What you see happening is that upon promptly changing the rpm to a higher range the water pump spins faster which causes a sudden increased flow of much colder water from the radiators mixed with the hot coolant so more cold water enters the engine. Hence the sudden drop in temperature you see. After a while the thermostat readjusts to this new temperatures and finds a new 'equilibrium'. This new steady state could be some degrees off compared to befor as the thermostat does not have a linear range of operation.
My coolant temperature reading once the engine is fully warmed up is 81-82°C (steady state) independent from ambient temperatures (-5°C or 30°C it does not make a significant difference).

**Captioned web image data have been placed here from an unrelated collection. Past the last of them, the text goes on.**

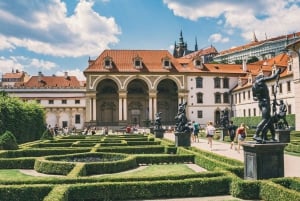 Prague: Castle and Lesser Town Walking Tour with Local Guide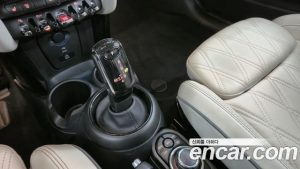 Mini Cooper CLASSIC 2023 года из Южной Кореи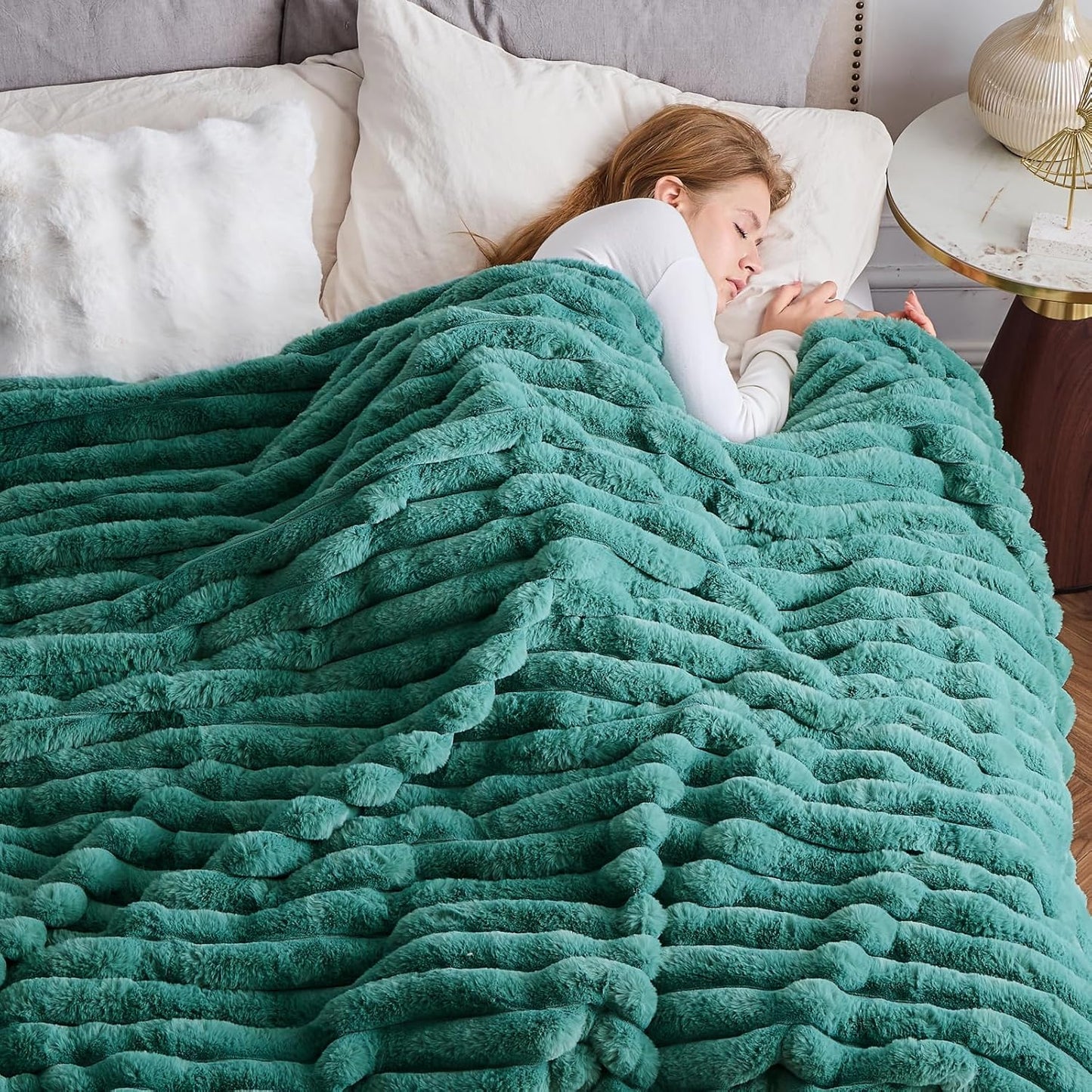 NEWCOSPLAY Faux Fur Twin Blanket Light Teal 3D Ribbed Plush Thick Warm Blanket for Couch Sofa Bed 850GSM (Light Teal Ribbed, Twin(60"x80"))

Of course it deviates from this equilibrium point some degrees depending on the way and how hard the car is driven, i.e. fast changing rpm's and driving speeds. Stop and go in summer will make temperature rise to 85-90°C but I do not consider this as a normal steady state condition as the water pump at these low rpm hardly pumps water and there is also hardly any driving wind for cooling. it always s around this temp.
To me any coolant temp between 80-90°C is totally fine. The lower the better even! The reading is indicative as in some parts of the engine temperatures can be considerably higher.